2.3. Heuristic Algorithms

Heuristic algorithms are based on the intuitive and empirical design. Several new heuristics for solving the one-dimensional bin packing problem are presented [39]. Coffman and Garey [10] reviewed various heuristic algorithms, such as NF (Next Fit), FF (First Fit), BF (Best Fit), and WF (Worst Fit) [23]. These are typical online packing algorithms [40, 41] and are called as fit algorithms. Their corresponding offline packing algorithms are NFD [24], FFD, BFD, and WFD [23], which differ significantly from online packing algorithms in which offline algorithms rely on overall information for sorting. The fit algorithms, for example, FF, WF, and BF, give priority for further packing to the bins that have already been packed with items, and a new bin will be activated only when there are no suitable nonempty bins for the current item. The strategy adopted by the fit algorithms ensures that each arriving item can always find a bin to be accommodated. However, it cannot guarantee that the item is the target item for optimum solution under the current situation. To address the issue, Cupta and Ho [14] proposed MBS, which mainly centered on bins and tried its best to find the collection of items that fill the bins. One problem with this method is that its sequence selection strategy often falls in the local region of the input space, which makes it hard for accurate estimation of the slack. Thus, it may result in a locally optimal solution. To solve the above problems, some methods have been proposed. Fleszar and Hindi [42] found that one effective hybrid method integrated perturbation MBS’ and a good set of lower bounds into variable neighbourhood search (VNS), so as to improve its ability in reasonably short processing times. However, due to the complexity and uncertainty of combinatorial optimization problems, heuristic algorithms that rely on empirical criteria are not always reliable.
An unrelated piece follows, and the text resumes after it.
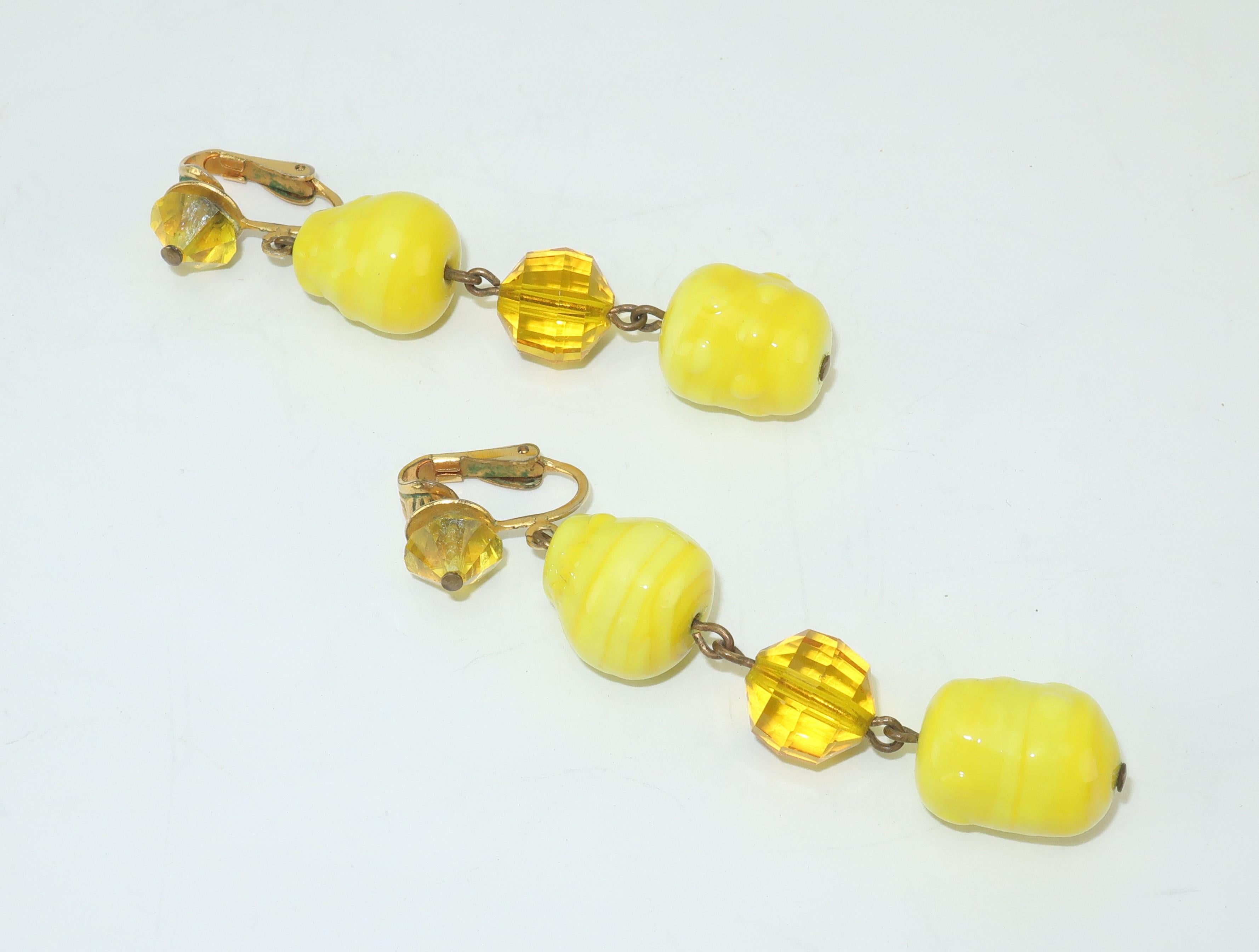 Vogue Jewelry Yellow and Amber Glass Dangle Earrings, circa 1960 2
2.4. Metaheuristic Algorithms

Metaheuristic algorithms are widely used to find optimal solutions for solving problem of BPP. Early typical representatives include genetic algorithms [28] and simulated annealing algorithms [29]. The former is a promising tool for the BPP and one significant improvement is mainly used: grouping genetic algorithms (GGAs). Dokeroglu and Cosar [43] proposed a set of robust and scalable hybrid parallel algorithms. In GGA-CGT (grouping genetic algorithm with controlled gene transmission) [44], the transmission of the best genes in the chromosomes was promoted while keeping the balance between selection pressure and population diversity. Kucukyilmaz and Kiziloz proposed island-parallel GGA (IPGGA) in [45]. It realized the choice of communication topology, determined the migration and assimilation strategies, adjusted the migration rate, and exploited diversification technologies. Crainic et al. [46] proposed a two-level tabu search for the three-dimensional BPP by reducing the size of the solution space. Kumar and Raza [47] incorporated the concept of Paretos optimality for the BPP with multiple constraints and then proposed a family of solutions along the trade-off surface. However, due to the lack of particle diversity in the later stage of genetic algorithms as well as PSO algorithms, premature convergence always occurs [28].

2.5. RL-Based Methods

Machine learning has been extensively studied to resolve the NP-hard BPP by scholars in recent years. Ruben Solozabal’s model tackled the BPP with RL. It trained multistacked long short-term memory cells to perform a recurrent neural network agent, which could embed information from the environment. The performance of the model was just comparable to the FF algorithm when introducing neural network overhead. Inspired by Pointer Network [48], a deep learning technology was successfully applied to learn and optimize the placing order of items [32], solved the classic TSP problem [33], and tackled the 3D BPP. These methods utilized RL to ensure the solution would not converge to local optimum, while they attempted to exploit neural networks [49] in the RL to solve the BPP, which increased the computational cost and time complexity. Heuristic algorithms rely on empirical criteria to consider predetermined strategies and ignore the dynamic exploration of the global data space in BPP. RL-based methods can intelligently mine data information from the environmental space through trial and error. Perhaps, it can help the existing heuristic algorithms to fully explore the effective information in the sample space, which inspired our method.

3. Formulation of the BPP

The classic one-dimensional BPP is formalized as follows. It is assumed that there are n items to be packed into bins with equal capacity . The general objective is to find a packing way to arrange all items with the minimum number of bins, of which the formal mathematical description can be defined as :

Therein, represents the indicator whether the th bin is used or not. A value of 1 indicates that the bin is used, and a value of 0 indicates that it is not used. Note that once the bin is used, the total load of the items placed in cannot exceed the capacity of . Thus, we havewhere means the load of the th item and is an indicator whether the th item is packed into the th bin or not. Especially,  = 1 if the th item is placed into the th container, otherwise  = 0. Furthermore, an equally fundamental constraint is that each item is just placed into one bin:

The detailed explanation of parameters for the formalization is defined in Table 1.

4. Design of RBF

In this section, the design of the proposed RBF framework is presented. First, the overview of the RBF is outlined, and then, the details of its key components, such as the RL-system, the reinforced-MBS strategy, and the instance mapping process, are presented.

4.1. Overview

The classical MBS algorithm follows two steps:(1)Utilize lexicographic search optimization procedure [14], also referred as the algorithm, to find the item set that should be allocated to the bin (2)Utilize Step 1 to traverse all items to be packed and the minimum bin slack is , where is the load of the packed th item

The steps above means that the slack is utilized to jump out of the optimal local trap randomly in the classical MBS algorithm, while the exact distribution of the sample space is ignored. To resolve the instability of the random slack, a new bin packing framework, RBF, is presented, where the slack is learnable and adjusted according to the samples’ structure.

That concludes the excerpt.